● **PROBLEM TO WORK ON**
Exclude images; transcribe the rest of the data exactly.

● **DATA BLOCK**

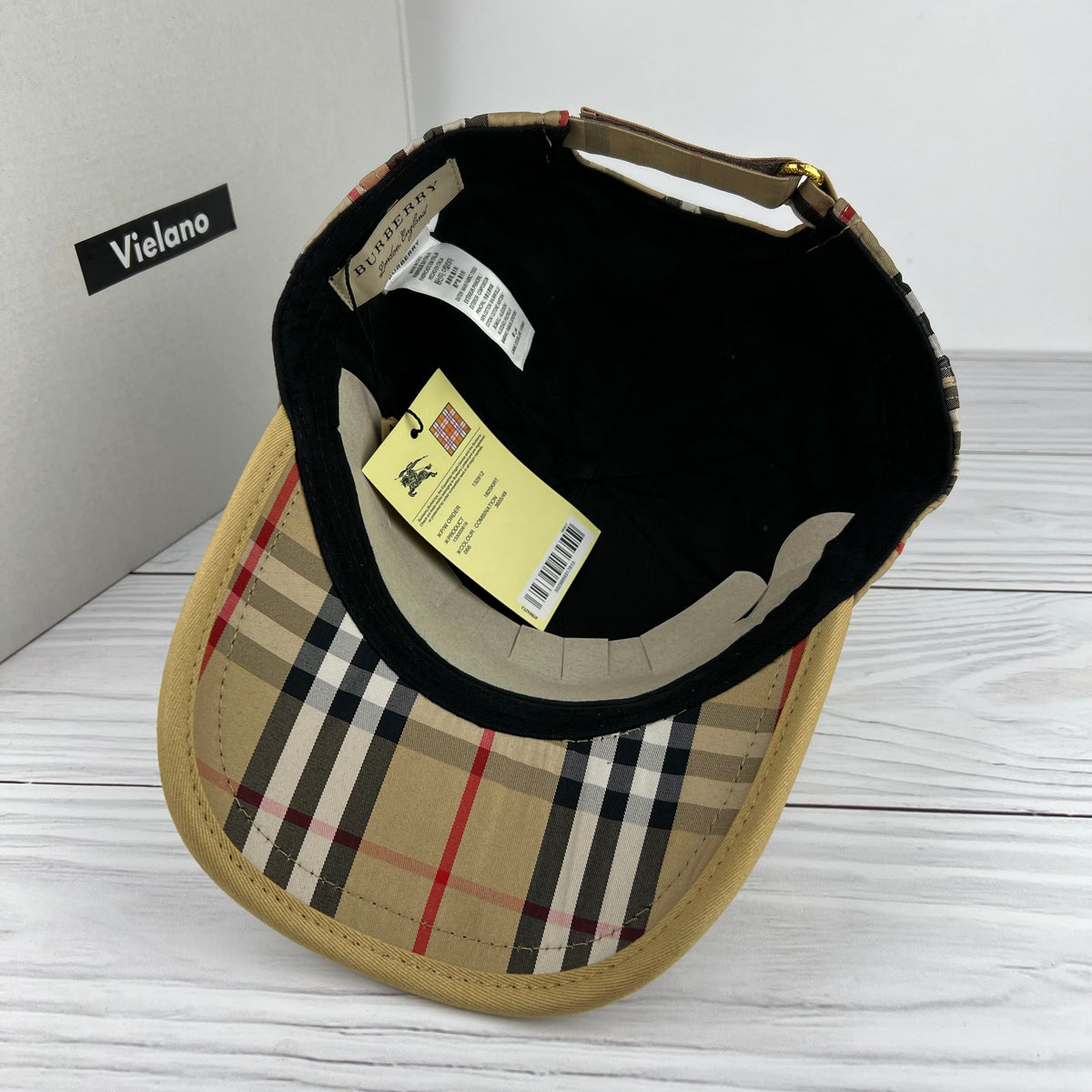 CASQUETTE BURBERRY CLASSIC SUPER QUALITÉ VN-698
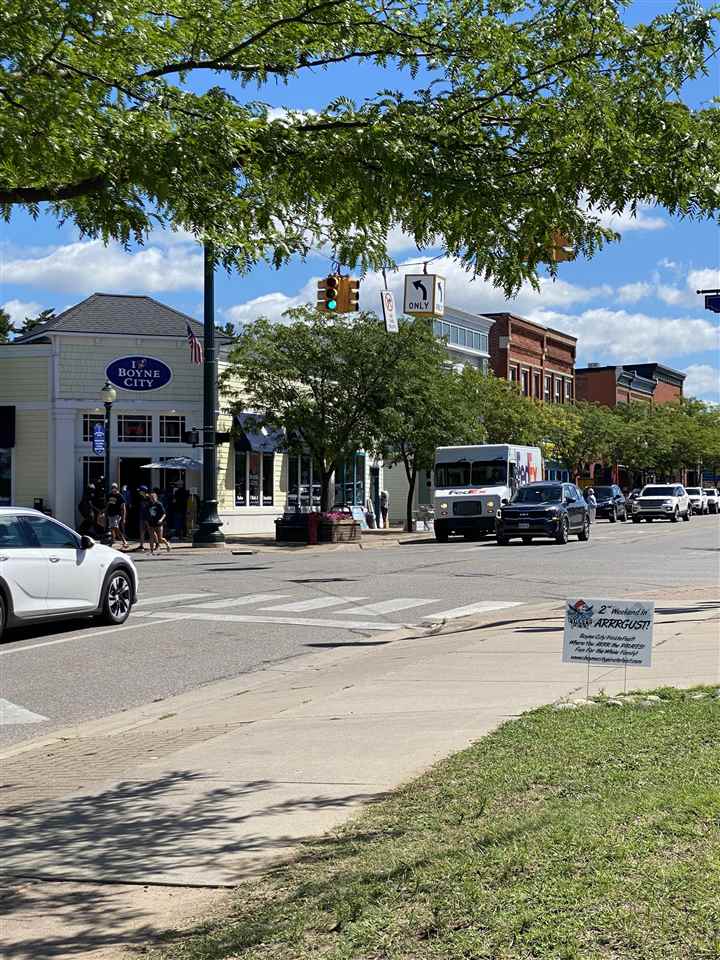 VL BOYNE Avenue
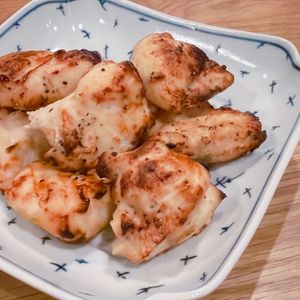 ミルクの作ってみた!投稿(【うま塩パリパリチキン】揉んで焼くだけ！コソリがすごい！！)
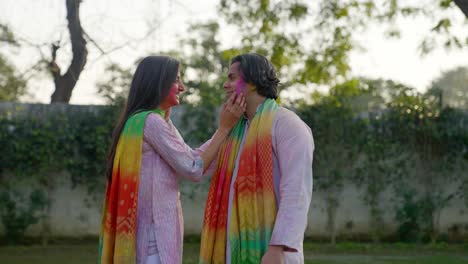 Indian-couple-posing-for-Holi-festival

● **SOLUTION TO THE PROBLEM**
 CASQUETTE BURBERRY CLASSIC SUPER QUALITÉ VN-698
 VL BOYNE Avenue
 ミルクの作ってみた!投稿(【うま塩パリパリチキン】揉んで焼くだけ！コソリがすごい！！)
 Indian-couple-posing-for-Holi-festival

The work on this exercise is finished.